## Extracted records
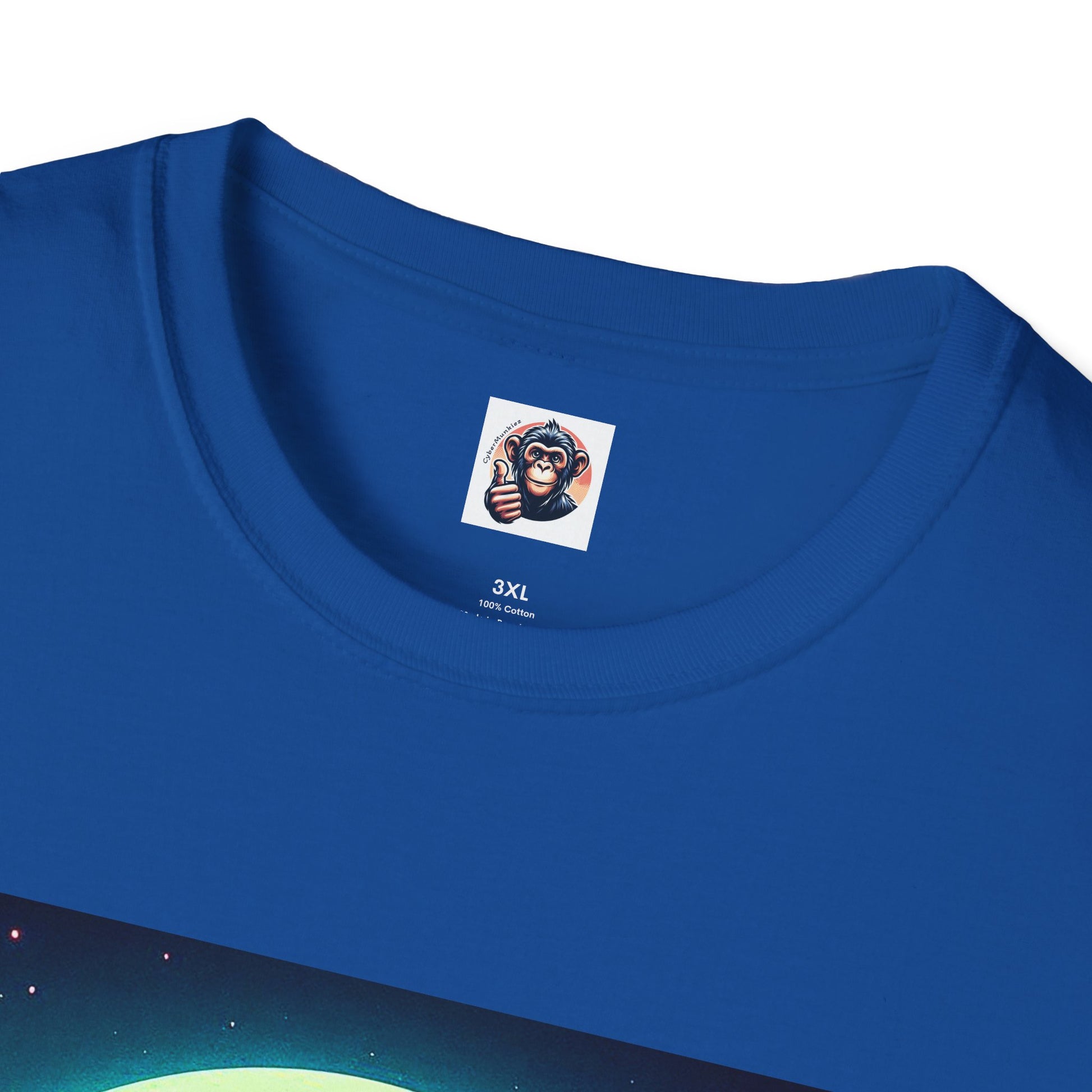 Wacky Gorilla purple car T-Shirt Printify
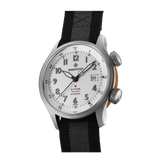 Bremont Altitude MB Meteor Orange Barrel 42mm Brushed Silver Dial Men's Watch ALT42-MT-TI-SIOR-N-S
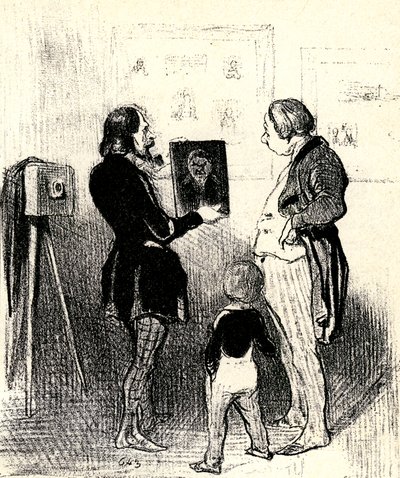 Daguerreotypie von Honore Daumier
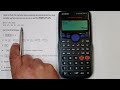 Sample Mean, Standard Deviation and Variance Given Raw Data on a Casio fx-350ES PLUS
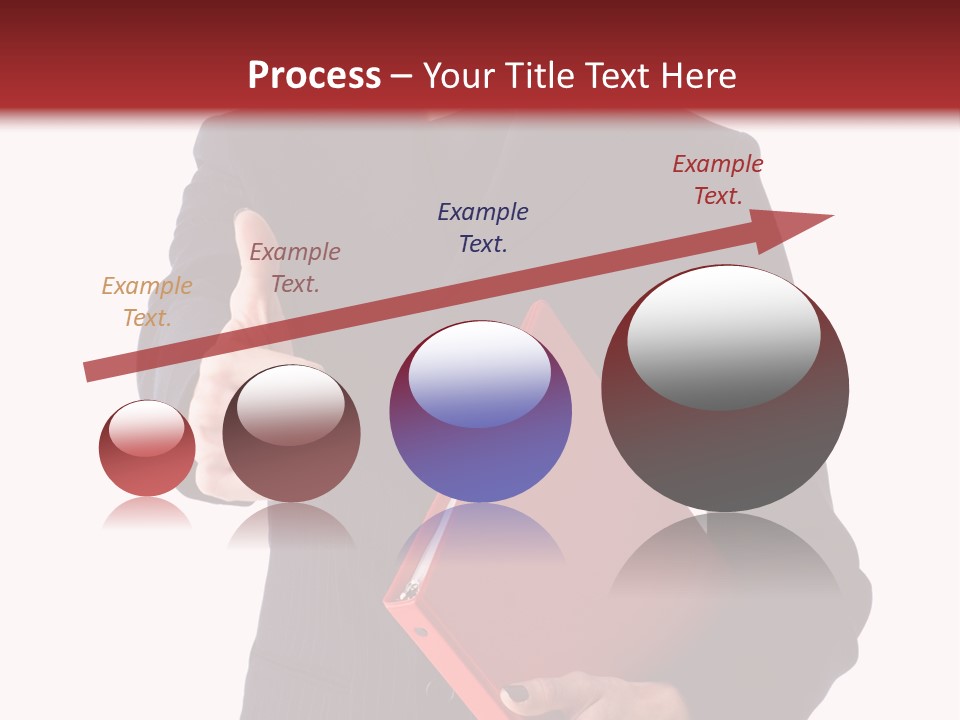 A Woman In A Business Suit Giving A Thumbs Up PowerPoint Template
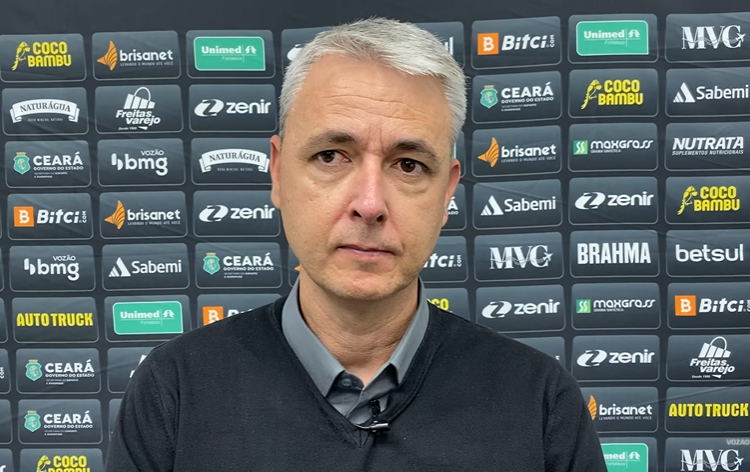 Tiago Nunes analisa empate do Ceará e fala sobre insatisfação da torcida com o desempenho da equipe
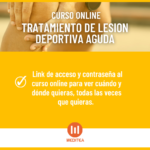 Producto TRATAMIENTO DE LESION DEPORTIVA AGUDA 2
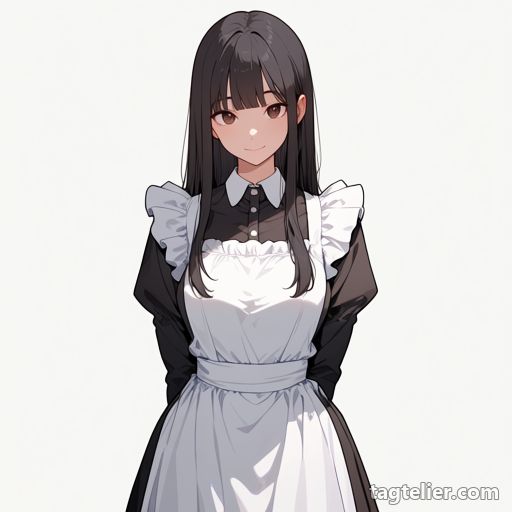 メイド化（enmaided）で生成したAIイラストの見本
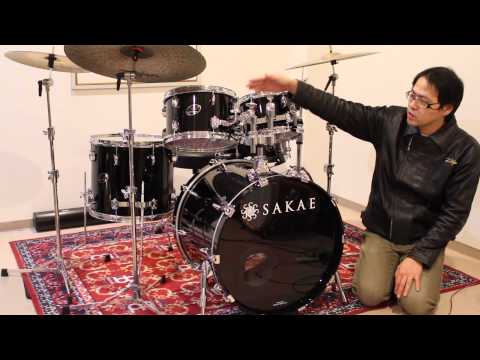 SAKAE The Almighty Birch の ドラムセットの試奏とサカエ他シリーズとの比較です！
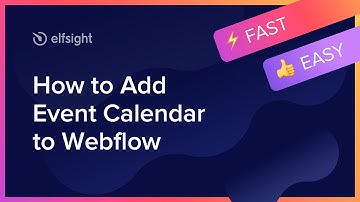 How to Add Event Calendar to Webflow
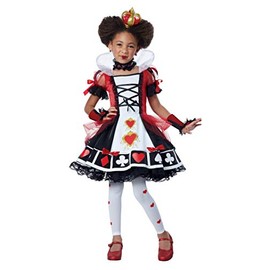 California Costumes Girls Deluxe Queen of Hearts Child Costume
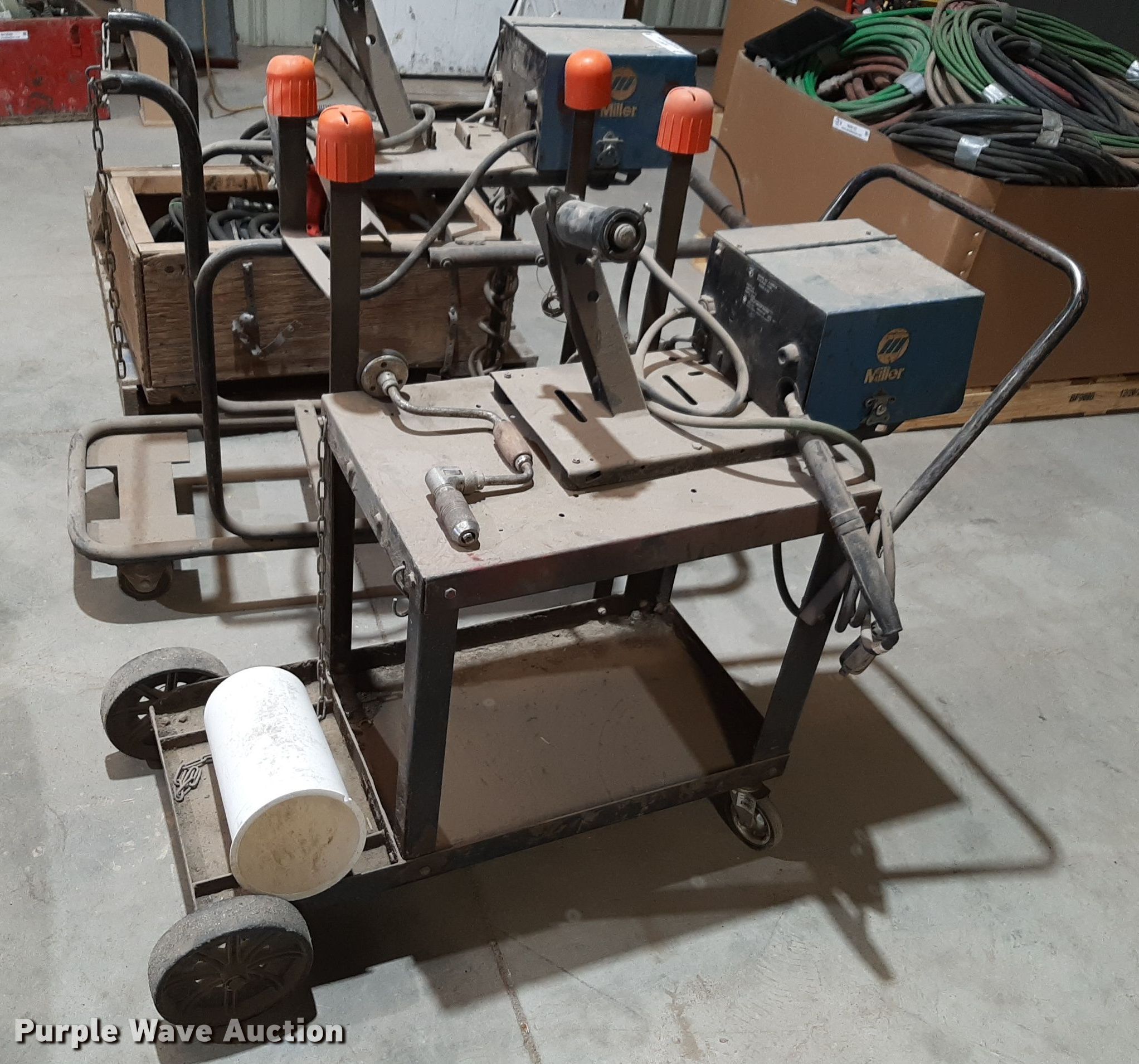 (2) Miller S22A wire feeders in Wichita, KS Item NV9077 for sale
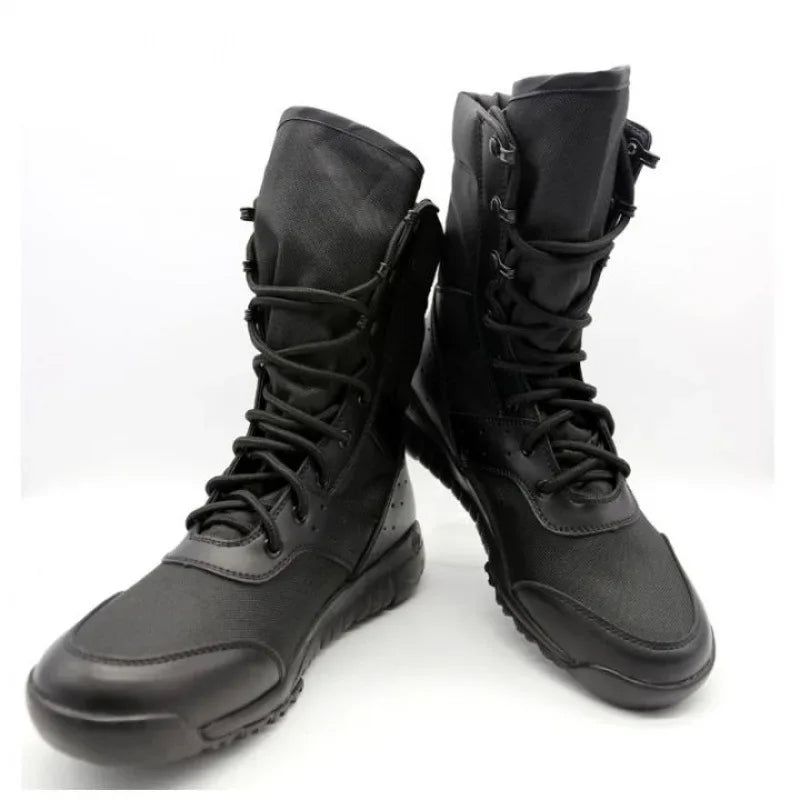 Men Combat Ankle Military Army Boots Waterproof Lace Up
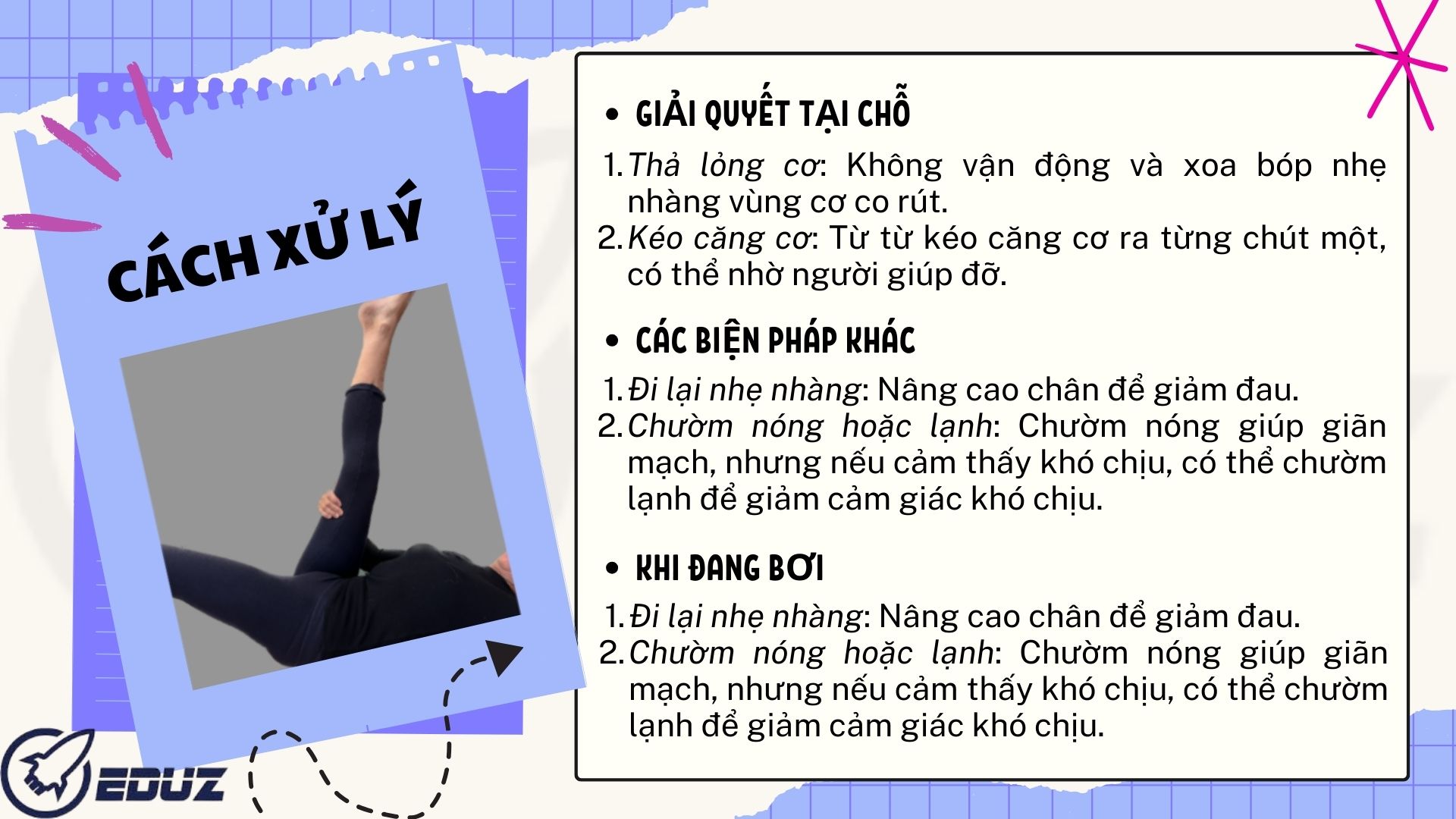 3. Cách xử lý khi bị chuột rút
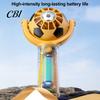 Multi-speed Handheld Fan Soccer Neck Fan, Portable Mini with Lanyard, Soft Breeze Football Shape Cooling for Outdoor Sports, Gift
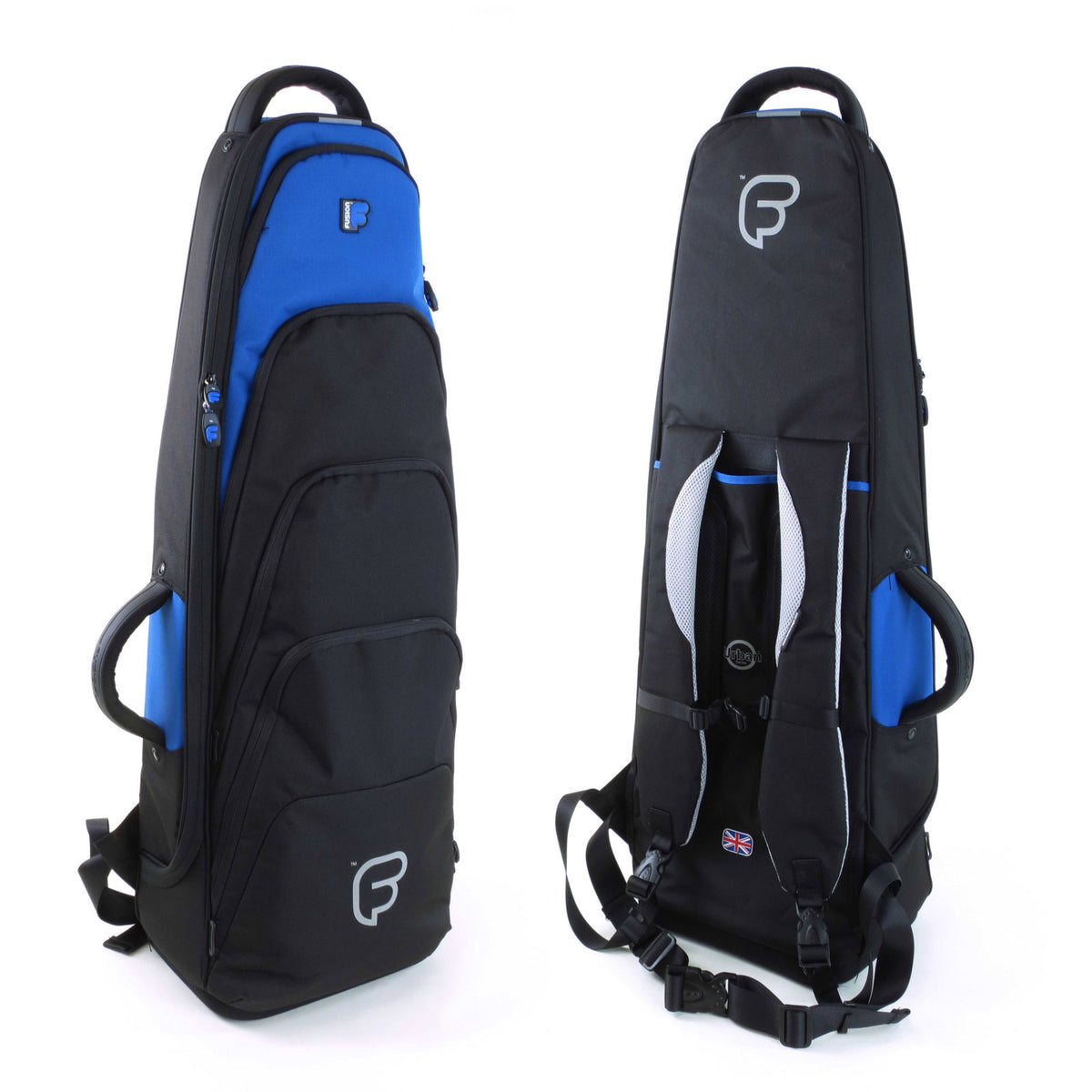 Urban Black/Blue Trombone Case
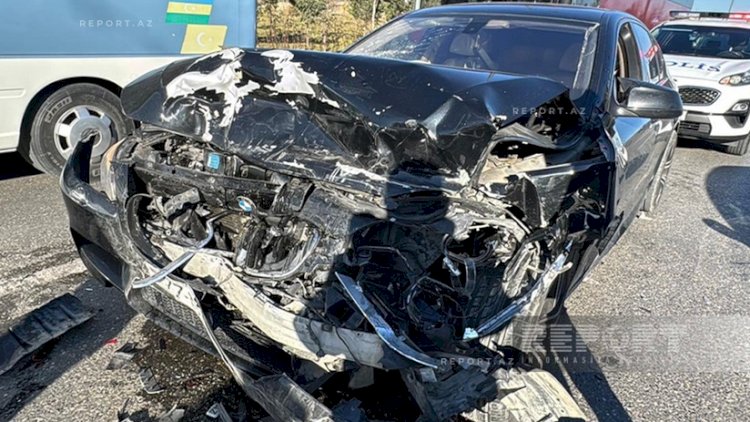    Sumqayıtda altı avtomobilin iştirakı ilə zəncirvari qəza - Fotolar   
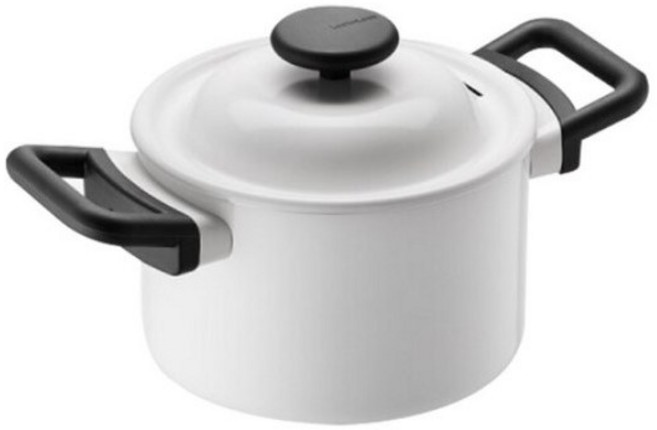 락앤락 인덕션 데꼬르 양수냄비, 18cm, 크림 아이보리 계열, 1개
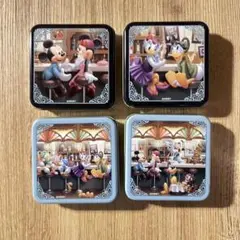 【貴重】ディズニーストア 缶 四角 スクエア ミッキー ミニー ドナルド 空き缶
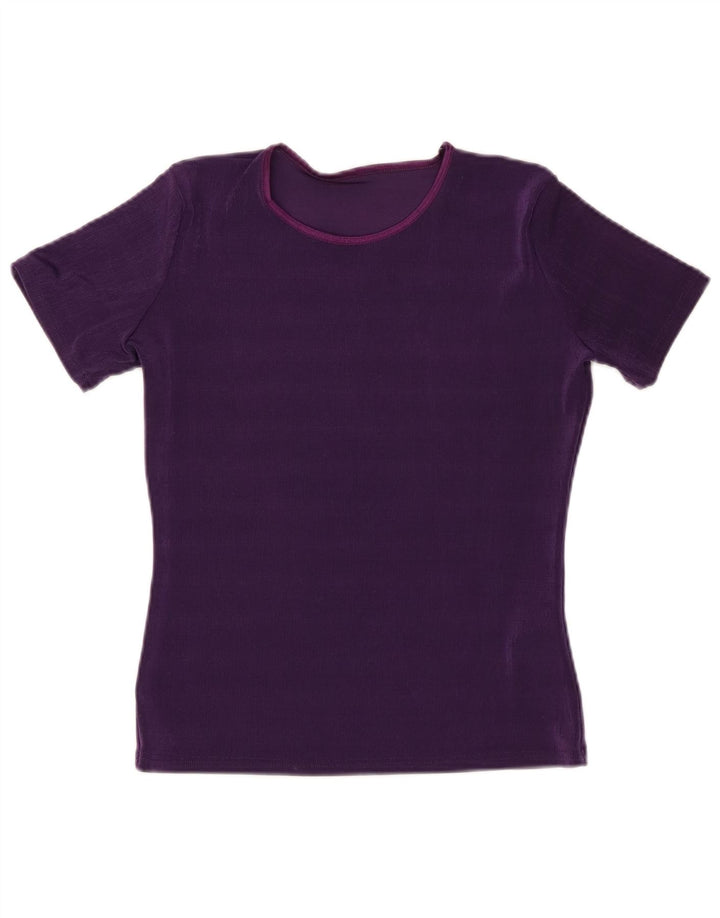 ST. BERNARD T-Shirt Femme Top UK 14 Large Violet Polyester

## The problem
Please restate word for word each line from the one containing "Urban Black/Blue Trombone Case" to the end of the data above, without the pictures.

## Expected answer
 Urban Black/Blue Trombone Case
    Sumqayıtda altı avtomobilin iştirakı ilə zəncirvari qəza - Fotolar   
 락앤락 인덕션 데꼬르 양수냄비, 18cm, 크림 아이보리 계열, 1개
 【貴重】ディズニーストア 缶 四角 スクエア ミッキー ミニー ドナルド 空き缶
 ST. BERNARD T-Shirt Femme Top UK 14 Large Violet Polyester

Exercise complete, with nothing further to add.